Fantasy sells we suppose, because among other reasons, reality kind of sucks; it’s not famously a lot of fun. “In the sweat of thy face shalt thou eat bread” is a bit short of the appeal in: “Vote for me and I’ll take care of you.” And today, we even have Pope Francis reminding that our governors owe us care. He hasn’t yet troubled himself over where the governments will find the wherewithal to fulfill his orders, though. That must be the government’s problem, not the Pope’s.
Similarly, we see Scotland voting upon its own independence from Great Britain. Well, Liechtenstein and Singapore are managing — so far — so why not Scotland? The Romans beat the Scots (then called Picts, etc.) in 84, but being Scots, losing didn’t stop the fighting. The Romans had to keep beating them until they gave up and just walled them off from Britain in 122 under Emperor Hadrian. The Scots naturally, refused to stay behind the wall.

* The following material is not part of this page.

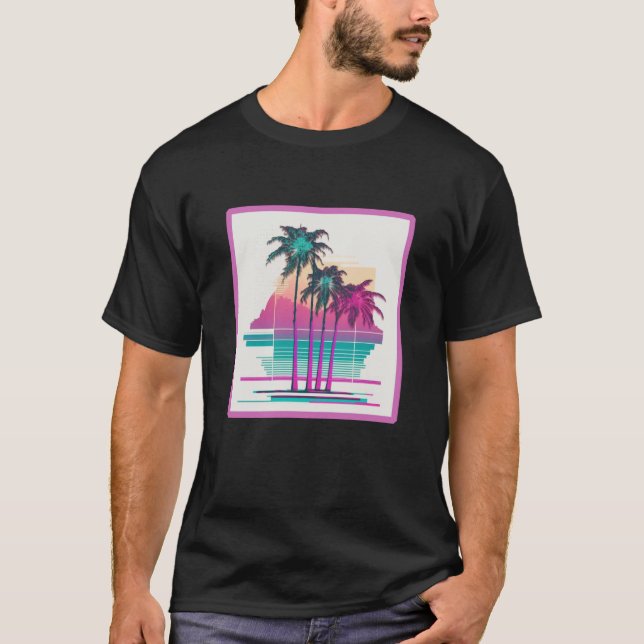 Vaperwave Aesthetic Glitch Palm Tree Retrowave Syn T-Shirt (Front)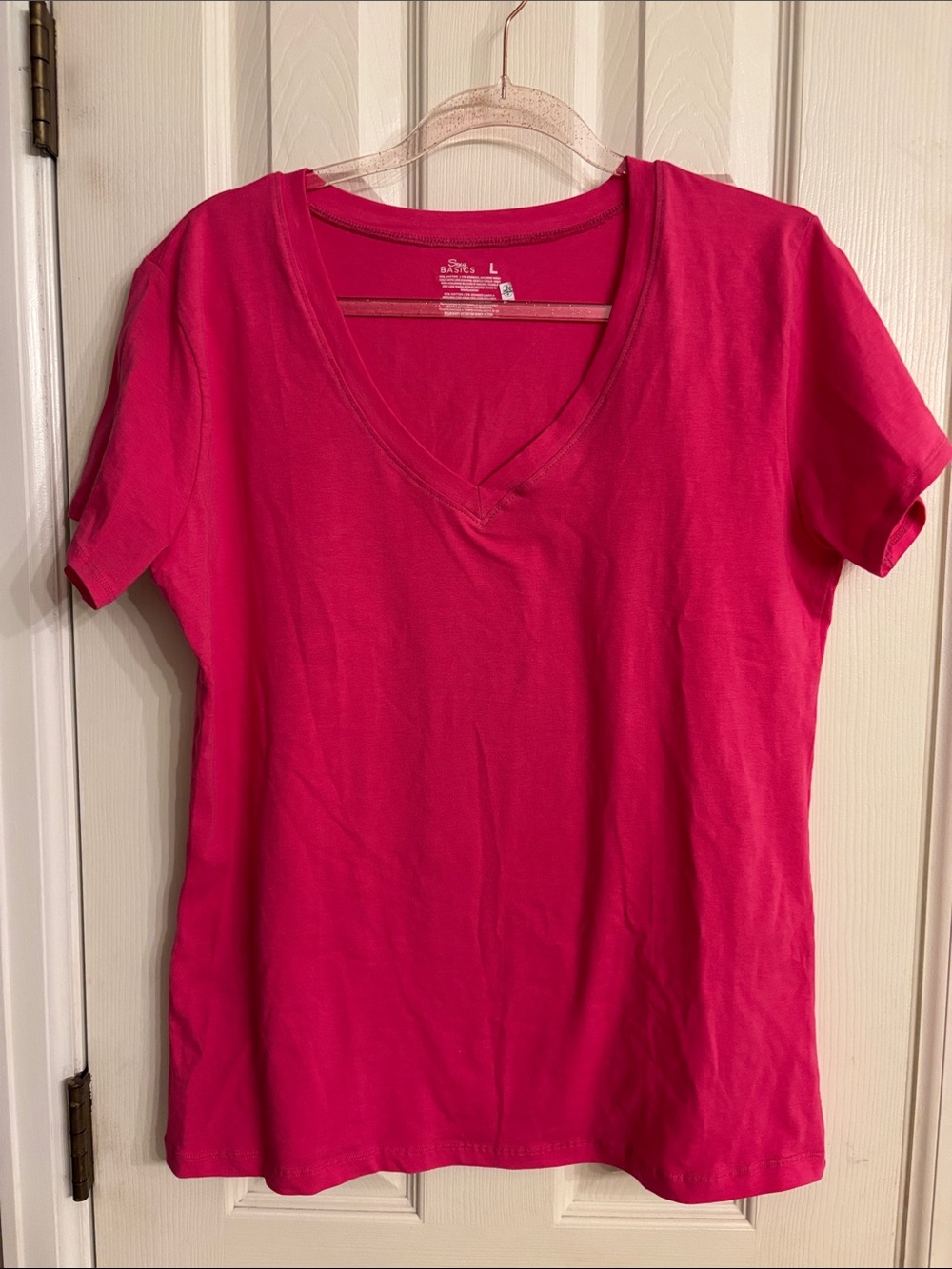 Asics Women's Hot Pink V-Neck Short Sleeve Tee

The fighting went on and in a bad year, England had to formally recognize Scottish independence, in 1328. By 1654, Oliver Cromwell claimed dominion over Scotland, Ireland and England but true union only arrived in 1707 with the Scottish and English Parliaments accepting it. And now the Scots are restive once more. They’re not raiding England this time, though … yet, anyway. We note that they have produced a lot of British military, as have the southern states in the U.S.
In a world of power politics, tiny and modestly blessed with resources does not seem an attractive position on the international scene. Scotland’s voting seems to contain a romantic rather than realistic element, not that such ever restrained a Celt. We see from our perch in the American southwest, a degree of fantasy in this voting. Looking to the North, we see in Ukraine, writhing under a mildly disguised Russian invasion, a reality. That Tibet is part of China is another such reality. We can understand those, whether or not we approve of them. We are bemused by the Scots.
If the Scots depart, they will light fires elsewhere: The Basques, Catalans and others in Spain, Quebec in Canada and numerous other places will be tempted. Should we suppose that Northern Ireland will lay passive? A California movement to split into six states will take heart and Texas was once independent and has not forgotten. Pandora has moved her box to Scotland?
These fantasies are all weakening democratic countries; no one seriously expects Hong Kong to separate, much as its inhabitants might prefer that. And the Ukrainians had already separated for all the good it has done them. The world of reality is the world of power politics. Scotland seems to us, to be indulging a fantasy and likely a destructive one at that.